You should contact whichever lab is going to run the sample for you. Was going to do that from a redwood log here in California where a massive fire swept through a coastal area that has not experience any large forest fires for at least 100 years--Estimated must have been right after Europeans arrived in the early 1800s, or possibly at some time before, or since redwood takes a long time to rot and the charcoal is protected by the bark, could have been during the Native American period.
I should think so because forest history comes from the charcoal dating of different soil layers. That's how many workers-Archaeologists, Quaternary students, geologists, climatologists get their information on climate and vegetation - related studies such as ecology.
If you are able to split your soil samples into "paragenetic associations" (be it geogenic or anthropogenic) and if the sample batches you are interested in are big enough so as to rule out contamination by the matrix there is no objection to carry out radio-carbon dating in the way you desire.
DILL, H.G. (2009) Pyrometallurgical relics of Pb-Cu-Fe deposits in south-eastern Germany: An exploration tool and a record of mining history .- Journal of Geochemical Exploration, 100: 37-50.

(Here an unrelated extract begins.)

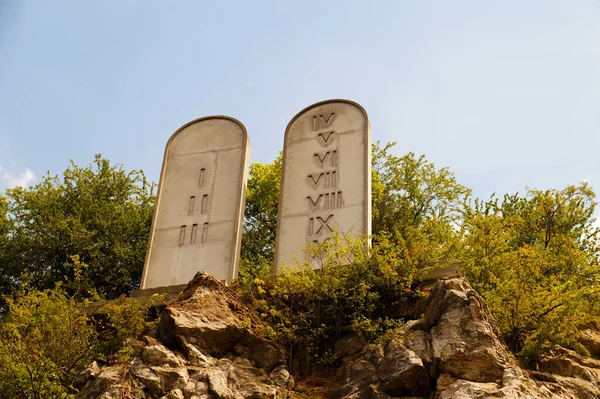 Stone tablets on a rocky hill with carved 10 commandments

DILL, H.G., TECHMER, A. and KUS, J (2013) Evolution of an old mining district between 725 and 1630 AD at the boundary between Thüringen and Bayern, SE Germany, using mineralogical and chemical markers, radio-carbon dating and coal petrography of slags.- Archaeological and Anthropological Sciences, 5: 215-233.
Available on request for download from the RG server
Checked with my radiocarbon dating lab, and the answer is yes, as Obianuju P. Umeji wrote earlier, plus you do not need much charcoal from each layer, only the size of a pencil eraser. I just finished running some soil radiocarbon dating, and the lab costs start at about $300 per sample from the Direct AMS lab, and go up from there in the USA. Cheap rates in Russia and maybe eastern Europe too. I think you are more likely to have surviving charcoal in either the oak or Carya forests than the pine, because when pine burns it is usually reduced to ashes. I would float off the charcoal from soil samples, but maybe there is a better way than that?
Obviously, the cost of charcoal or any radiocarbon dating is another story because it takes a good chunk of the Research Fund but once done, one has a bearing of the vegetational history, palaeoecology and palaeoclimatic changes.